- The Washington Times - Saturday, November 17, 2001

As has become common this season, Maryland's football team today faces a monumental game stocked with postseason implications.

Tenth-ranked Maryland can nail the ACC championship and ensure a Bowl Championship Series berth tonight with a victory in its regular-season finale at N.C. State.

"We've been in big games before," said tailback Bruce Perry, the ACC's rushing leader. "There's really no difference this time. It's just that the stakes are higher."

Maryland (9-1, 6-1 ACC) clinched at least a share its first ACC crown since 1985 last week and can win it outright in Raleigh, along with the conference's automatic BCS bid. The likely reward for the ACC champion is the Orange Bowl on Jan. 2 in Miami.

This would be the latest and most remarkable achievement under first-year coach Ralph Friedgen, who has already guided his alma mater to its first bowl since 1990 and has the Terps on the verge of a 10-win season for the first time in a quarter-century.

"There are so many aspects to this job," Friedgen said. "When you kind of see it come together, it's very rewarding."

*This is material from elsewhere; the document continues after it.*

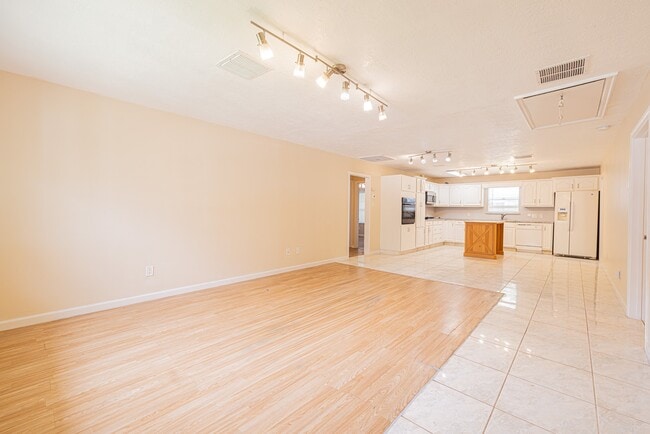 Building Photo - 4113 Edison St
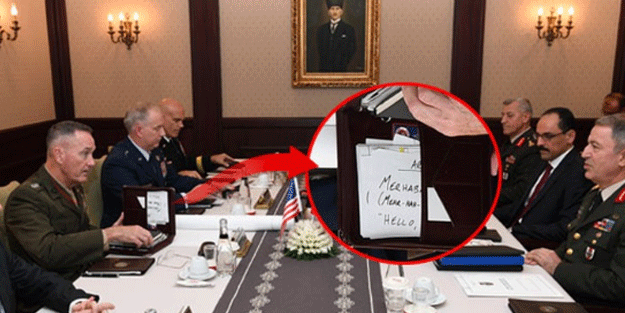 Kritik toplantıda dikkat çeken kare!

An unlikely turn of events last week allowed the Terps to be in such a position. Maryland beat Clemson 37-20 Saturday night, but it was what N.C. State did that afternoon that made attainable a league title for the Terps. The Wolfpack upset then-league co-leader Florida State, handing the Seminoles their first home loss to an ACC team since they joined the league in 1992 a streak of 39 games.

"Everything just seems to be going our way," said Maryland guard Todd Wike, of the Wolfpack's 34-28 stunner in Tallahassee. "People are losing that we need to lose for our season to be better. It just seems to be our year. [N.C. State] helped us out last week. Now we have to go after them."

It won't be easy. The Wolfpack (6-3, 4-3) has won three straight, and has the league's best passing quarterback in sophomore Philip Rivers, and a top tailback in compact speedster Ray Robinson, who rushed for 106 yards and two touchdowns and caught eight passes against the Seminoles.

Maryland counters with the league's best rushing defense, led by Butkus Award finalist E.J. Henderson, allowing 95.9 yards a game. The Terps lead the nation with 23 interceptions and are second in turnover margin. Rivers will test the secondary and attempt to exploit true freshman cornerback Domonique Foxworth, who played his first game last week and fared well. The corner was thrust into the starting lineup due to Dennard Wilson being out with a pulled hamstring. Wilson should return, but Foxworth will likely start again.

"I knew I had a bull's-eye on my chest," said Foxworth, a Baltimore native who deflected a pass in the end zone on Clemson's first series. "I'm sure it will be the same this week."

Maryland's offense is one of the country's most balanced, averaging 232.5 yards rushing and 211.3 yards passing behind quarterback Shaun Hill. Although Perry hasn't been getting as many carries lately, the tailback still has a 115.1-yard rushing average.

Friedgen has made a point this week of challenging his players to make sure they don't bask in their newfound glory and sudden celebrity status.

"Our team has never been in this position before," Friedgen said. "They are going to a bowl, and the season is not over. We have to understand the opportunity we have. We have to forget about everybody telling us how great things are and focus."

Players admit there have been distractions and talk of the upcoming bowl but insist it has not hindered their preparation. They bring a serious swagger into what they believe will be their greatest conquest yet.

"Until now, the basketball team has been the big boys on campus," safety Tyrone Stewart said. "Once we win this game and go to the BCS, they are going to have to move over a little bit and share the wealth on campus. It's just the time and the place for us to finish the season off on a bang."